Wednesday, November 16, 2005

The Divided Heaven


The Divided Heaven



East German cinema is dramatically different from any cinema the 21st century is used to. We tend to forget about the complete separation that the Berlin Wall caused. Film was “a state-controlled industry” (Hake 121). The state only approved movies that advanced “the building of a socialist society” (119). There was even a point during the 1960s where they, the Eleventh Plenary of the Central Committee, banned many films that were considered skeptic, nihilistic, and subjective (124).

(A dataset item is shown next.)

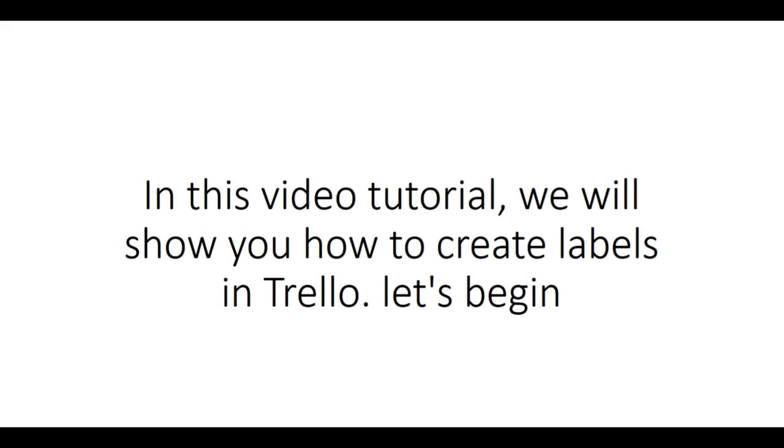In this video tutorial, we will show you how to create labels in Trello. Let's begin.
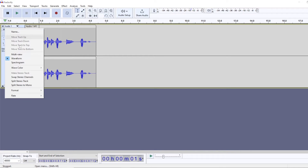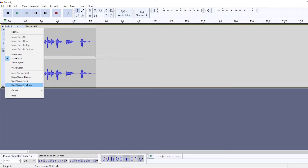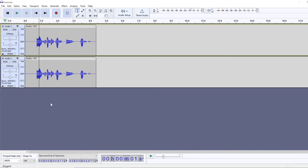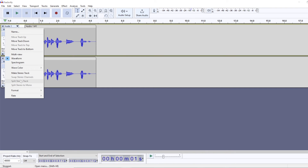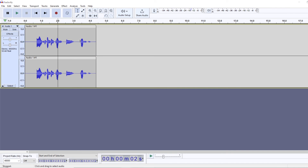Alternatively, you can separate each channel and create two different mono tracks by clicking "Split Stereo to Mono." If you want to go from mono to stereo using two different mono tracks, choose the first track and select "Make Stereo Track" — it will combine the two mono tracks into a single stereo one.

The Divided Heaven is a film that showcases this division between the East and the West as an analogy of a love story. After analyzing this movie with the understanding that the movie had to get by the tough censors, it was no wonder this film was banned as one of the Rabbit Films (so nicknamed because one of the banned films was called I Am the Rabbit). A woman falls in love with an older man because he has a different way of looking at things, being older and wiser and having plainly different ways of seeing the world. When the magic seems to wear off and the man becomes disillusioned by the uses of one of his chemical compounds, he leaves for the West. He thinks she will follow, but she doesn’t. This is clearly a symbolic representation of the East, showing that he was bad for leaving his beloved East and that only unhappy people live in the West.. The filmmaker undoubtedly focuses on the side of the woman, trying to expose the dangers of falling in love with someone just because they think differently. This analogy goes to the root of the issue that socialism always looks good on paper. Equality, money, and being taken care of are high qualities. After examining the surface, one sees the limitations and the liberties that are taken in this perspective.